Look below for the line containing "Something Navy‎ Wesley"; from there through the line containing "Lucky Brand Grande", both lines included, please set down each line exactly and nothing else.

+ + + +

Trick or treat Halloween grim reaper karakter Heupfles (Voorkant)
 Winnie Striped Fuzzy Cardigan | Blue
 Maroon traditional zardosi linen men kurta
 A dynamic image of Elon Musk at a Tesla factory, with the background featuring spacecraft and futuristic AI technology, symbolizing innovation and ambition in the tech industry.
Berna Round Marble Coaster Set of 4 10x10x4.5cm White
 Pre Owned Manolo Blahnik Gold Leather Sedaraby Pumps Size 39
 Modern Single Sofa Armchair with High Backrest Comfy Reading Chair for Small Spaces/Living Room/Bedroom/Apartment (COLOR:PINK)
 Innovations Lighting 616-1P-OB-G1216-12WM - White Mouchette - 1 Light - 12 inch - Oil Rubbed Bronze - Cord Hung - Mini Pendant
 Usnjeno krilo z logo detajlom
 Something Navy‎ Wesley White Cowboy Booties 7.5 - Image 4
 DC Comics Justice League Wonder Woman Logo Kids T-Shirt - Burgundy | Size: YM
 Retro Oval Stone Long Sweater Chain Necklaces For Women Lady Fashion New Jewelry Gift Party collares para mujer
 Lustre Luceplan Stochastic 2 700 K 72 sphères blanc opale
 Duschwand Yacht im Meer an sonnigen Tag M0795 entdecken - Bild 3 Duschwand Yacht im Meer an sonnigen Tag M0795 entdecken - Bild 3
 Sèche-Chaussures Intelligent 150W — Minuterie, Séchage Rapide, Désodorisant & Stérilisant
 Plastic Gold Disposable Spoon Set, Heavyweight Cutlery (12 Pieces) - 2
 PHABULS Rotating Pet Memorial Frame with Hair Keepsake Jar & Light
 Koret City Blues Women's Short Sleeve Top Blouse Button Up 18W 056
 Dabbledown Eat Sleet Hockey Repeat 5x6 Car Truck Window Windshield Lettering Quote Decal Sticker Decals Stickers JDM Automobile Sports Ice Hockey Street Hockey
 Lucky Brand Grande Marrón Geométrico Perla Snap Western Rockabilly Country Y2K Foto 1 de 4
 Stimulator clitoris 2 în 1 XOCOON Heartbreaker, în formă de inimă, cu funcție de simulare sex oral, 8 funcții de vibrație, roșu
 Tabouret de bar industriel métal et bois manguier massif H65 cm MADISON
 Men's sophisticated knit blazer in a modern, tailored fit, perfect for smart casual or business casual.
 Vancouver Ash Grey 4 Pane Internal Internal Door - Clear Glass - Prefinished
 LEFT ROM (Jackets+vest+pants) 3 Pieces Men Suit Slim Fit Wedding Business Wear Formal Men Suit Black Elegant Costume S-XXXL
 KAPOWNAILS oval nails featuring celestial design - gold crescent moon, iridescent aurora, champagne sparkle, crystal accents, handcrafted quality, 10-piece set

+ + + +

**EXERCISE RESULT:**
 Something Navy‎ Wesley White Cowboy Booties 7.5 - Image 4
 DC Comics Justice League Wonder Woman Logo Kids T-Shirt - Burgundy | Size: YM
 Retro Oval Stone Long Sweater Chain Necklaces For Women Lady Fashion New Jewelry Gift Party collares para mujer
 Lustre Luceplan Stochastic 2 700 K 72 sphères blanc opale
 Duschwand Yacht im Meer an sonnigen Tag M0795 entdecken - Bild 3 Duschwand Yacht im Meer an sonnigen Tag M0795 entdecken - Bild 3
 Sèche-Chaussures Intelligent 150W — Minuterie, Séchage Rapide, Désodorisant & Stérilisant
 Plastic Gold Disposable Spoon Set, Heavyweight Cutlery (12 Pieces) - 2
 PHABULS Rotating Pet Memorial Frame with Hair Keepsake Jar & Light
 Koret City Blues Women's Short Sleeve Top Blouse Button Up 18W 056
 Dabbledown Eat Sleet Hockey Repeat 5x6 Car Truck Window Windshield Lettering Quote Decal Sticker Decals Stickers JDM Automobile Sports Ice Hockey Street Hockey
 Lucky Brand Grande Marrón Geométrico Perla Snap Western Rockabilly Country Y2K Foto 1 de 4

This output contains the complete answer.